La causa del disagio giovanile, abbiamo visto, può essere rintracciata nel rapporto con la figura genitoriale e nel contesto educativo. Il disagio stesso si esprime invece principalmente in due diversi modi:

  • Da una parte, la violenza e l’esplosione di rabbia. Vandalismo, risse e abusi rappresentano per Recalcati la difficoltà nel gestire le emozioni, che porta a trasformare la frustrazione in distruzione.
  • Dall’altra parte, l’isolamento e il ritiro sociale. Molti giovani si chiudono in se stessi, rifiutando il contatto con la società in una forma di autodifesa contro un mondo percepito come minaccioso.

Queste due espressioni del disagio giovanile possono sembrare contraddittorie, ad una prima analisi, ma rappresentano due facce della stessa medaglia. Si tratta infatti di risposte estreme alla cultura del godimento senza limiti e della competizione sfrenata.

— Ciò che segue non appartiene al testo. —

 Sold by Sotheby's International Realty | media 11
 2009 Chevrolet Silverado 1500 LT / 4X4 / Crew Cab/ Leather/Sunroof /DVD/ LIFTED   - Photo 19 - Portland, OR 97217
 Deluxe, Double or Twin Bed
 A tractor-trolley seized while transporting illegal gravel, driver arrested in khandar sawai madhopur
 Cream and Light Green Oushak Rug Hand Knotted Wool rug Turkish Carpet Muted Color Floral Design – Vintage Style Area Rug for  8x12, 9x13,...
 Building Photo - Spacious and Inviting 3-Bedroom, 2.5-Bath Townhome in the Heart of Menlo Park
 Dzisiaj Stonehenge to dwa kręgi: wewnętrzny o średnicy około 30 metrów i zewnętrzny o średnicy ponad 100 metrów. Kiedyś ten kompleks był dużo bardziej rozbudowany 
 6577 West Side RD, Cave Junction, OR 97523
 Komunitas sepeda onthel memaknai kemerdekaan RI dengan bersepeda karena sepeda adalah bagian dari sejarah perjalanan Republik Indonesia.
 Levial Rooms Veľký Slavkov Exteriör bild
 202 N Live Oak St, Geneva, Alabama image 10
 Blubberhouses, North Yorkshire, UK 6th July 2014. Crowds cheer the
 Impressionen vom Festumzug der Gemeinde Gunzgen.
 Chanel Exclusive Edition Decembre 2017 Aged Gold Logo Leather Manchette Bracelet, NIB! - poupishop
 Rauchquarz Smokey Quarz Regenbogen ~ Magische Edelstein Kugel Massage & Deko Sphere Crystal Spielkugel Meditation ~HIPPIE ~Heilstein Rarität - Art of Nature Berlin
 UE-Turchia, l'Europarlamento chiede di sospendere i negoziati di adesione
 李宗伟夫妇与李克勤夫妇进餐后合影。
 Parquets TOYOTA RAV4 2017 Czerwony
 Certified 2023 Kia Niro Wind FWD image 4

Da un lato, quindi, si reagisce con violenza e rabbia, mentre dall’altro lato si evita ogni contatto con il mondo esterno. Inoltre, molti giovani alternano queste due fasi contrapposte, incapaci di trovare un equilibrio e spostandosi fra un eccesso e l’altro.

Come affrontare il disagio giovanile

Di fronte a questa crisi, è facile vedere una soluzione nella repressione o nel ritorno ai modelli educativi rigidi del passato. Ma si tratta di uno sbaglio: al contrario, è fondamentale partire dalla conoscenza delle cause per pensare a modi più efficaci di affrontare il disagio giovanile.

Secondo Massimo Recalcati, il problema fondamentale riguarda la perdita del desiderio, che si disperde nel consumo compulsivo o si spegne completamente. Per affrontare la questione, bisogna aiutare i giovani a recuperare il senso delle proprie passioni e delle proprie aspirazioni.

Ma come farlo?

Entra qui in gioco l’educazione, meglio se basata sul dialogo e sull’ascolto e non su modelli autoritari che ormai fanno parte del passato. I giovani devono sentirsi parte della comunità, già a partire dal contesto scolastico, e non emarginati o giudicati. In modo simile, gli adulti non possono limitarsi ad osservare il disagio giovanile da lontano, magari delegando la ricerca di soluzioni agli esperti. Le famiglie devono tornare a svolgere una funzione educativa alla quale per troppo tempo hanno rinunciato. Non si tratta, insomma, di sorvegliare e punire, bensì di scommettere sul futuro dei giovani e dar loro la fiducia di cui hanno bisogno per esprimersi. E tornare a desiderare.